Et c'est en cherchant sur Marseille des terrains suffisamment grands pour ces activités -car nous étions près d'un millier de salariés- que j'ai découvert, sur la corniche, un espace magnifique qui s'appelait le théâtre Sylvain. C'était un théâtre de verdure abandonné. Cela m'a amené à rencontrer des gens qui connaissaient le lieu, soit comme lieu de culture, soit comme un lieu vert et boisé, et qui s'inquiétaient de le voir détruit. Il était question de faire passer une rocade à cet endroit, ce qui aurait fait disparaître cet espace vert ! On s'est battus, et au bout de 3 ou 4 ans, nous avons gagné. La mairie a réhabilité le site comme un lieu de culture, afin qu'il reste un espace boisé. Cela m'a permis de prendre la mesure de l'intérêt des questions liées à l'écologie urbaine, à la défense des espaces verts. A cette époque, tout en restant secrétaire général du syndicat CGT et en continuant d'organiser des activités de loisirs pour le personnel, j'ai adhéré au mouvement national de lutte pour l'environnement (MNLE). J'ai gravi peu à peu les échelons internes de cette association, par envie et par engagement, car je découvrais d'autres sujets écologiques, comme les transports, mais aussi la mer, le tri et le traitement des déchets, etc.

Qu'est-ce que le MNLE ?

En 1981, l'élection du président socialiste tournait une longue page d'exercice du pouvoir par la droite en France, c'était une période historique assez particulière, à la fois de bonheur et de grande illusion. Le MNLE a été créé dans ce contexte par des syndicalistes, des scientifiques, des élus, en réunissant des associations qui avaient déjà un engagement écologique local, sur les rives de l'Étang de Berre et le long du Rhône notamment. J'ai adhéré plus tard, vers 1988, le temps que ma réflexion sur le sujet mûrisse, à partir de préoccupations très locales, et je suis aujourd'hui le président de cette association, qui édite une revue qui s'appelle Naturellement, et qui compte environ 2 000 adhérents.

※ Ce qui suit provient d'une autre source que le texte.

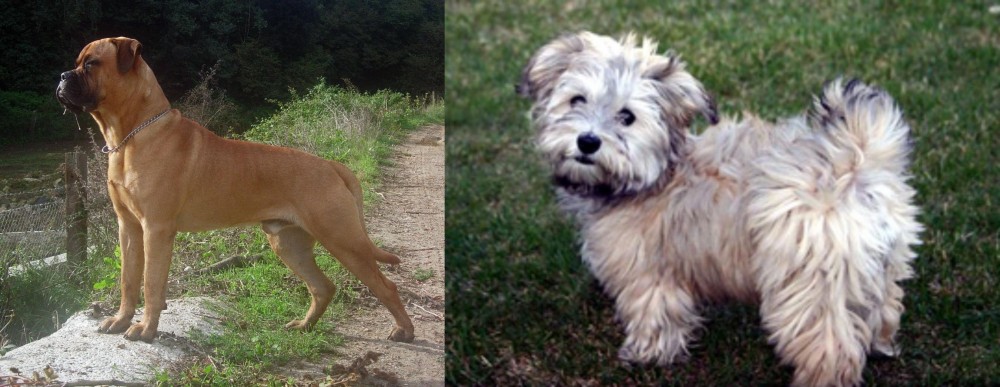 Havapoo vs Bullmastiff - Breed Comparison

Vous n'êtes pas, au départ, très sensible à l'écologie...

Au départ, ma réflexion sur l'environnement était faible, je me suis cultivé en fréquentant des gens qui m'ont appris beaucoup de choses et qui m'ont ouvert l'esprit sur ces sujets. Social et environnemental ne s'opposent pas forcément, c'est ce que j'ai appris à démontrer, c'est très important. Souvent, autour de l'Étang de Berre, j'ai vu des collègues de la CGT et d'autres syndicats qu étaient très gênés par les sujets liés à l'environnement, car ils pensaient que ces préoccupations pouvaient mettre en danger l'emploi local et régional.

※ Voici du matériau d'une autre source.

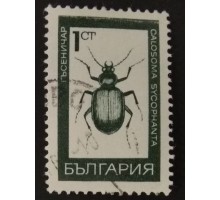 Болгария (2412)
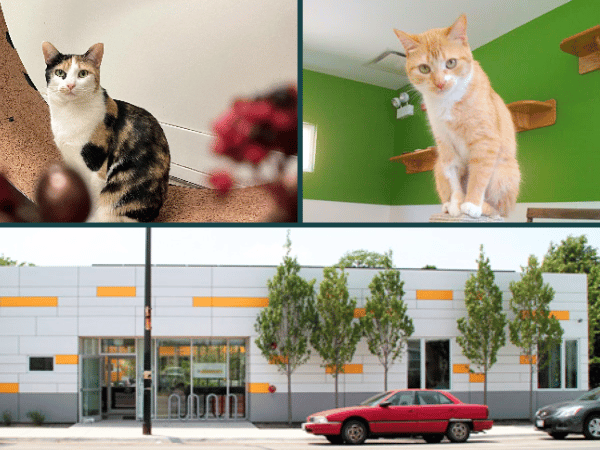 A collage showing adoptable cats and the shelter of Harmony House for Cats, a cat and kitten rescue in Chicago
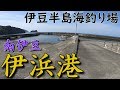 伊豆半島海釣り場 伊浜港 南伊豆 IHAMA PORT MINAMIIZU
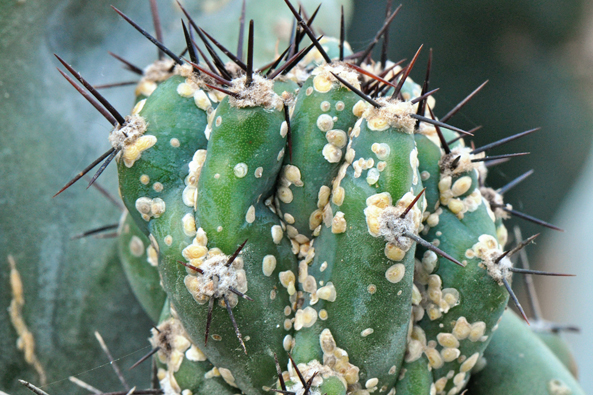 Kranke Kakteen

 C'est en investissant pour ne pas polluer qu'on va arriver à maintenir l'emploi

 

Du coup, j'ai appris à faire la démonstration du contraire : par exemple, en investissant sur la maîtrise des rejets industriels, on arrive à maintenir ou à développer l'emploi, en étant plus performants, en apportant une plus-value dans sa production industrielle. Mais je dois parfois encore ramer pour convaincre, car c'est bien sûr plus facile d'être contre que pour quelque chose. Mais je soutiens qu'on ne peut pas dissocier le discours sur l'environnement de préoccupations sociales, et c'est un défi politique, ces deux enjeux doivent aller de pair. Le problème, c'est qu'il y a aujourd'hui beaucoup de communication sur le sujet. C'est plus facile d'être "vert" dans le verbe que de l'être dans les faits en prenant de vraies mesures environnementales. 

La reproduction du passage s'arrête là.